When a West Virginia public school teacher retires and begins collecting a state pension, he or she is discouraged from going back to work in a full-time state job. Earnings over a certain relatively low limit mean cuts in pension payments.

That’s how it is for most state government employees. They are barred from what is known as “double dipping” – that is, collecting a full pension while also drawing a full government salary.

Not everyone in government service has to live by that rule, however. A few people who have held jobs in the judicial system benefit from loopholes.

Several former judges have retired, then gone back to work to earn both full salaries and full pensions.

One, as it was reported recently, is really raking in the cash.

He is former Cabell County Judge Dan O’Hanlon, who retired and is receiving about $95,000 a year in pension benefits.

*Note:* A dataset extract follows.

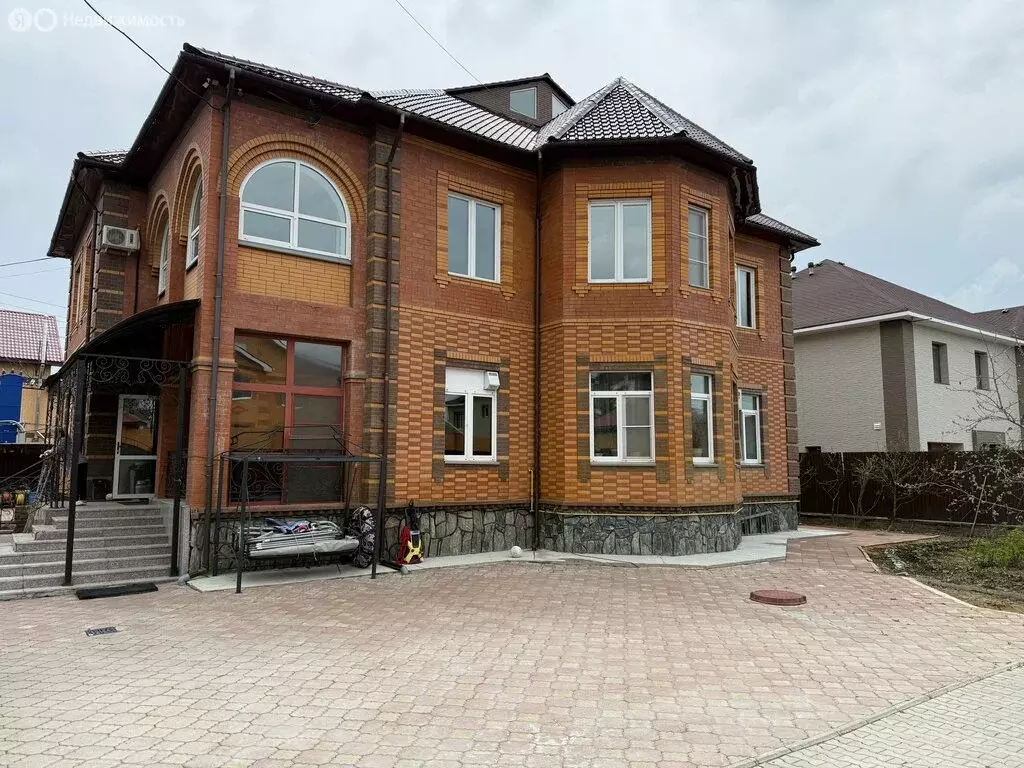 Дом в Южно-Сахалинск, улица имени Б.Н. Егорова, 12 (593.4 м) - Фото 0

But after leaving the bench, O’Hanlon became a vice chancellor for the state’s higher education system, earning $120,000 a year.

O’Hanlon’s defenders point out he also is director of the state agency handling Internet access for college and university campuses, but doesn’t accept a salary for that position. In effect, he is saving the state lots of money. And no one has questioned the quality of his work.

Perhaps O’Hanlon is providing something of a bargain for the state – but across West Virginia, there are thousands of other retired public employees who probably could do the same – and who would be delighted to collect both full pensions and full salaries. If nothing else, their experience could be helpful.

But the rule against double dipping means that for nearly all of them, going back to work would cost them pension benefits. No doubt many of them resent having to live by one set of rules while a few other retirees benefit from loopholes in the double dipping ban.

And it may well be that some in government, such as school superintendents, wish the rule did not make it almost impossible for them to benefit from the experience and expertise they could obtain by bringing a few former employees out of retirement.

State legislators should take another look at the rules on retirement benefits. If changes are desirable, they should be adopted – but the primary goal of a review should be to ensure that everyone plays by the same rule book.